Krakowska Prokuratura Regionalna wciąż nie znalazła dowodów, by w legnickim mieszkaniu wynajmowanym przez prostytutkę od posła Roberta Kropiwnickiego doszło do przestępstwa. Prokuratorzy nie ustają jednak w wysiłkach. Jak się dowiedzieliśmy, bezowocnie śledztwo przedłużono do marca.
Pretekstem do wszczęcia postępowania było ujawnienie, że osobą wynajmującą mieszkanie posła jest prostytutka. Najpierw Prokuratura Okręgowa w Legnicy, a obecnie Prokuratura Regionalna w Krakowie sprawdzają, czy kobieta mówi prawdę, że pracowała na własny rachunek i że nikt poza nią nie uprawiał w tym lokalu nierządu. Postępowanie toczy się już pół roku.

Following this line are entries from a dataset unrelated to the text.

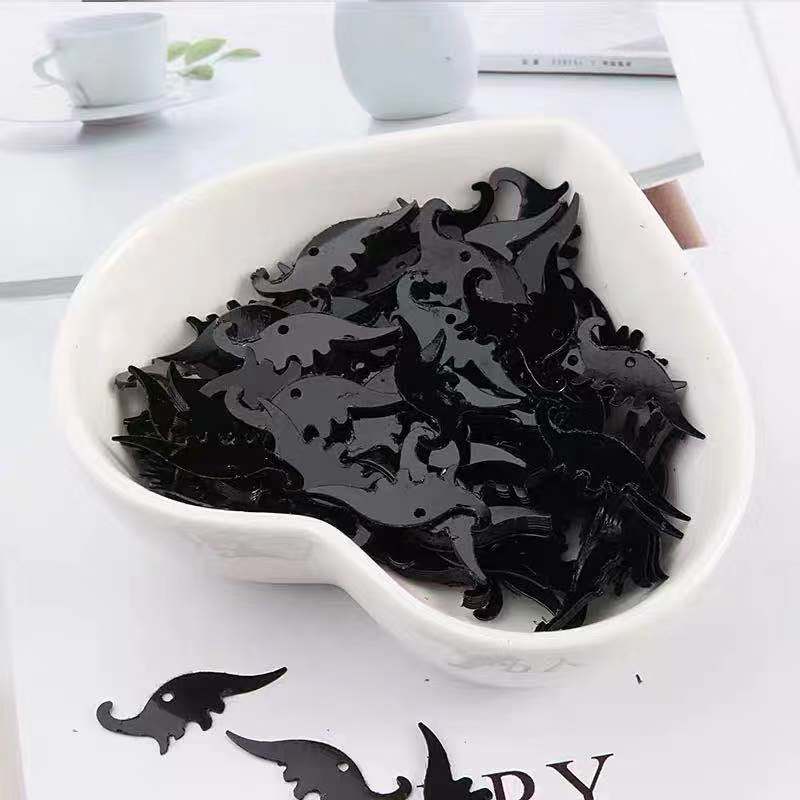 10 G/zak Zwarte Kat Vleermuis Leeuw Pvc Losse Pailletten Halloween Decoratie Ambachtelijke Kinderen Diy Accessoires: Black Dinosaur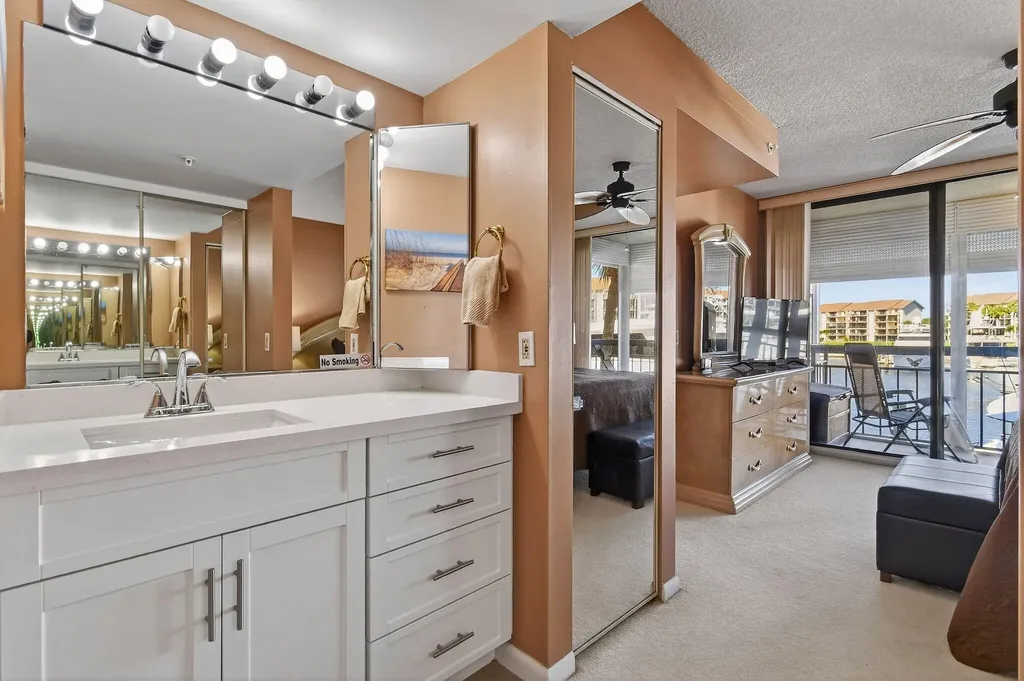 2401 Marina Isle Way Jupiter FL 33477
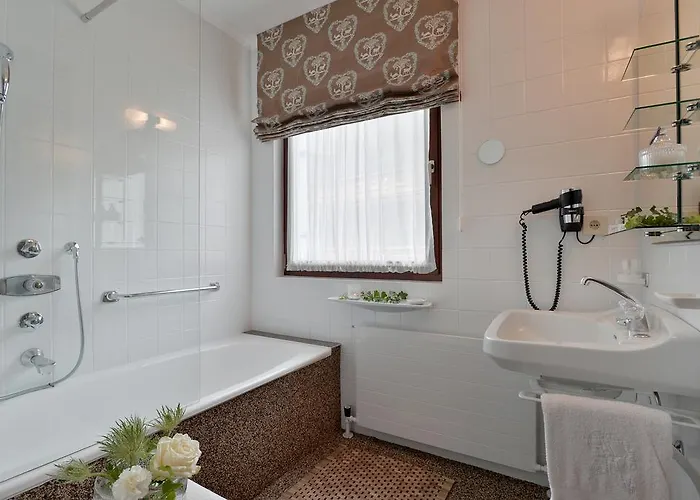 Hotel Alpin Garni Eder - Private Living Mayrhofen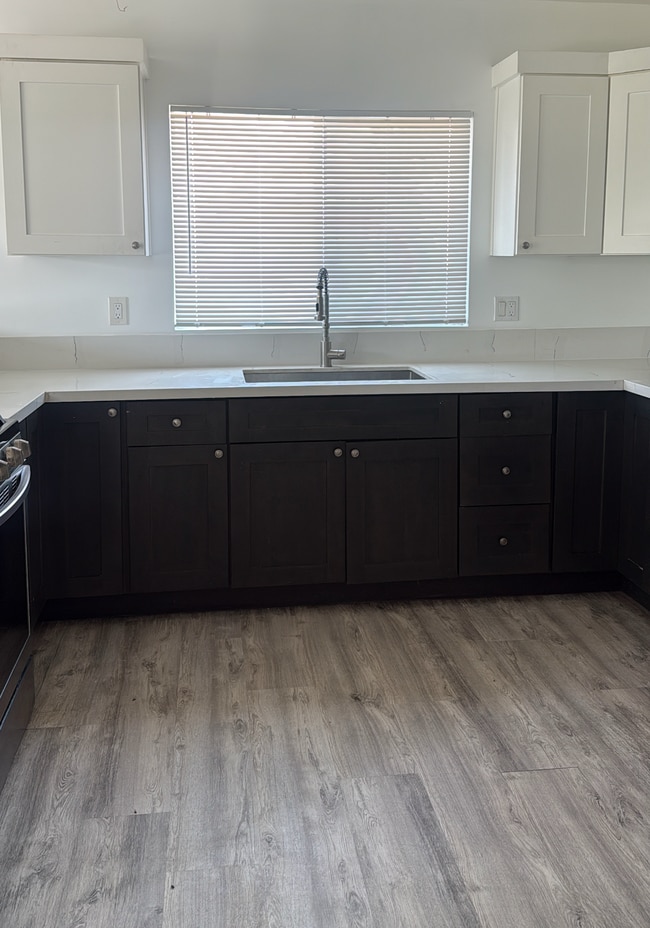 4606 S Normandie Ave Unit Bottom 1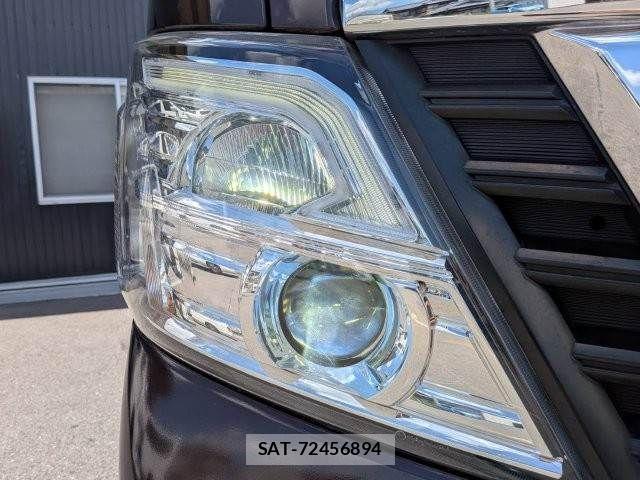 Nissan NV350 Caravan 2018-04 8367927-28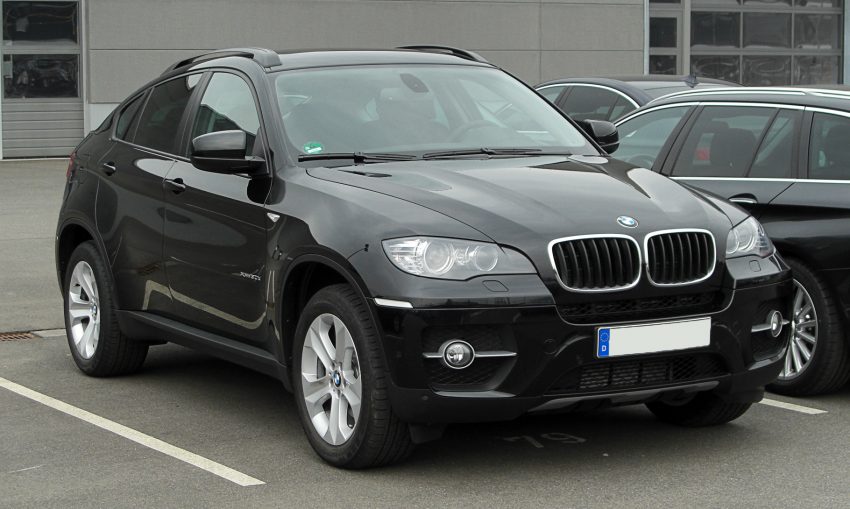Frontansicht Schwarzer BMW X6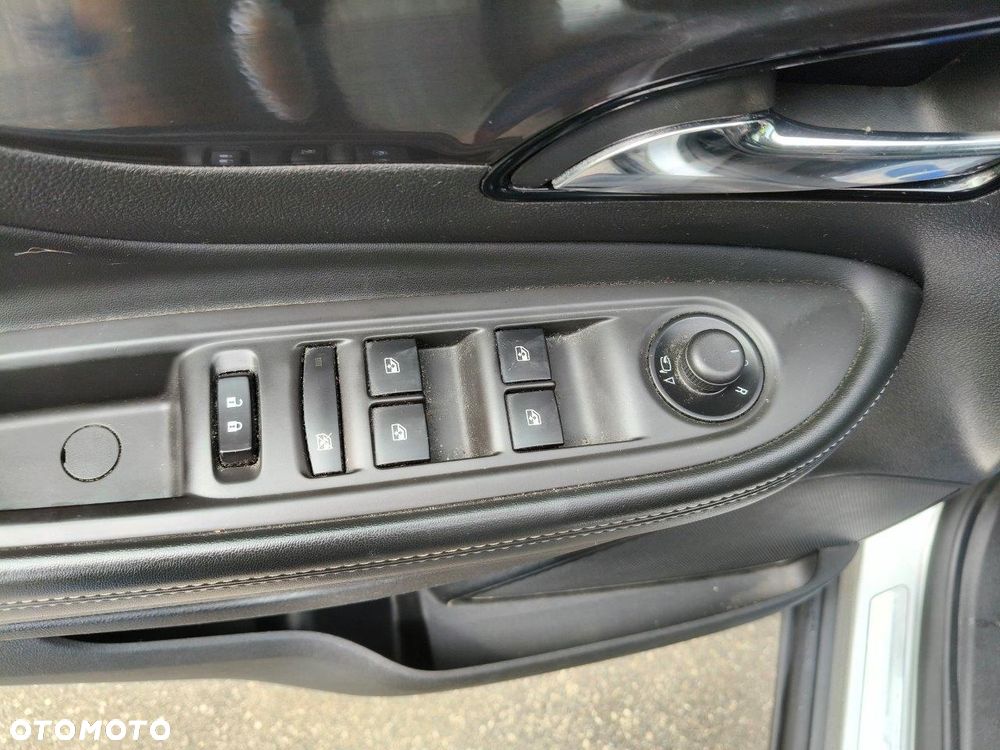 Opel Mokka 1.4 T Cosmo EU6 - 28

- Postanowieniem Zastępcy Prokuratora Regionalnego w Krakowie z dnia 5 grudnia 2016 roku okres śledztwa w tej sprawie został przedłużony do dnia 7 marca 2017 roku. Dotychczas poczynione ustalenia dowodowe nie dostarczają podstaw do przedstawienia zarzutu popełnienia przestępstwa sutenerstwa którejkolwiek z osób objętych zainteresowaniem postępowania – poinformował nas prokurator Włodzimierz Krzywicki, rzecznik prasowy Prokuratury Regionalnej w Krakowie.
Robert Kropiwnicki utrzymuje, że przy wynajmowaniu mieszkania korzystał z pośrednictwa biura nieruchomości. Nie kontaktował się z najemczynią. Nie wiedział, że kobieta zajmuje się nierządem. Czynsz odbierał za pośrednictwem biura nieruchomości. Pierwszym sygnałom od lokatorów, że mieszkanie odwiedzają klienci prostytutki, nie dowierzał. Gdy o sprawie zaczęły pisać prawicowe media, wypowiedział umowę najmu. Kilka miesięcy później wiceminister sprawiedliwości Patryk Jaki z mównicy sejmowej zasugerował, że Kropiwnicki prowadzi w Legnicy agencję towarzyską. Legnicki poseł odpowiedział pozwem przeciwko Jakiemu. Sprawa w sądzie trwa.